Затем Фред обратился к Жану-Луи и странно мягким голосом стал говорить о Лондоне, об актерах, о темных театральных и светских делах, о Ноэле Кауарде, об Айворе Новелло, о Г., oб A., o В., o Л., вплетая свои собственные инициалы в инициалы этих таинственных имен и медленными легкими движениями своих прозрачных рук рисуя в воздухе, как на невидимом полотне, силуэты неведомых мне персонажей, блуждающих в тумане сказочного Лондона, где случались самые экстраординарные события и самые чудесные приключения. Потом, неожиданно повернувшись ко мне, как бы возобновляя прерванный разговор, он спросил, назначен ли ужин в Торре-дель-Греко на завтра или на другой день. Жан-Луи сделал ему знак, приподняв бровь, и Фред, слегка покраснев, замолчал и с удивлением пристально посмотрел на меня.

– Мне кажется, на завтра, не правда ли, Жан-Луи? – сказал я, насмешливо улыбаясь.

– Да, на завтра, – ответил Жан-Луи с некоторым замешательством, бросив на меня неприязненный взгляд, – но ты-то здесь при чем? У нас только одна машина, джип, а нас девять человек. Сожалею, но для тебя нет места.

– Я приеду на машине полковника Гамильтона, – сказал я. – Ты ведь не думаешь, что я пешком пойду до Торре-дель-Греко?

– Мог бы и пешком пойти, тем более что никто тебя не приглашал.

– Если у вас будет еще одна машина, – сказал Фред со скучающим видом, – то места хватит всем. С вами нас будет десять: Жан-Луи, Шарль, я, Зизи, Жорж, Люлю… – он продолжал считать на пальцах, называя имена некоторых знаменитых «коридонов»[151] Рима, Парижа, Лондона и Нью-Йорка. – И конечно, – добавил он, – не наша вина, если вы будете чувствовать себя… как бы это сказать?.. чужаком.

– Я буду вашим гостем, с какой стати мне чувствовать себя чужаком? – ответил я.

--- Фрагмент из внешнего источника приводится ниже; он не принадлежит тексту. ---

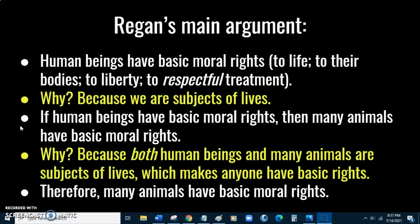Back to the main argument: Regan says humans have basic moral rights because we humans are subjects of lives. Next premise: if human beings have basic moral rights, then many animals have basic moral rights also — because us and many animals are similar in the ways that make us have rights; we are both subjects of lives. He begins somewhere he and many of us are confident in — that human beings have basic moral rights — asks why, what's the best explanation, and notices that explanation applies to many animals also.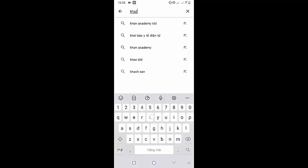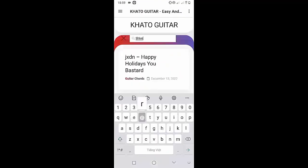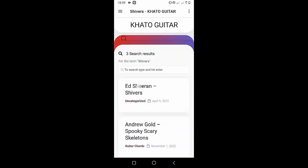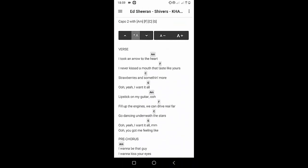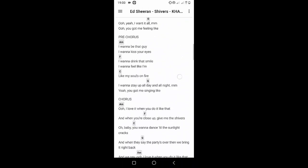Welcome to Kata Guitar channel. Before going to the song tutorial, download the Kata Guitar chord lookup software on the Google Play Store for easy tracking. Now it's time for the video tutorial.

Я был много наслышан о «фильяте», знаменитой сакральной церемонии, тайно совершавшейся в Торре-дель-Греко, куда ежегодно со всех концов Европы съезжались высшие служители таинственного культа бога Урана. Самому мне еще никогда не приходилось принимать участия в этом загадочном ритуале. Отправление древнейшей церемонии (азиатский культ бога Урана пришел в Европу из Персии еще до Иисуса Христа, уже во времена императора Тиберия «фильята» проводилась в Риме в разных тайных храмах, самый древний из которых – Субура) было приостановлено войной, и вот теперь, впервые после освобождения, этот таинственный ритуал возвращался к жизни. Мне подвернулась возможность увидеть его, и я решил ею воспользоваться. Жан-Луи, казалось, был разозлен и чуть ли не оскорблен моей нескромностью, но не осмелился захлопнуть передо мной двери запретного храма, считая менее опасным мое удовлетворенное, нежели неудовлетворенное, любопытство. Вначале Фред принял меня за неофита, но, открыв, что я непосвященный, похоже, забавлялся своей ошибкой, демонстрируя good sport, хорошую закалку: в глубине души он наслаждался смущением Жана-Луи с чисто женским ехидством, а это самое благородное из чувств служителей культа Урана. Молодые друзья Жана-Луи, из-за незнания английского не уловившие сути нашего разговора, смотрели на нас троих с недоверием и, как мне показалось, неприязнью.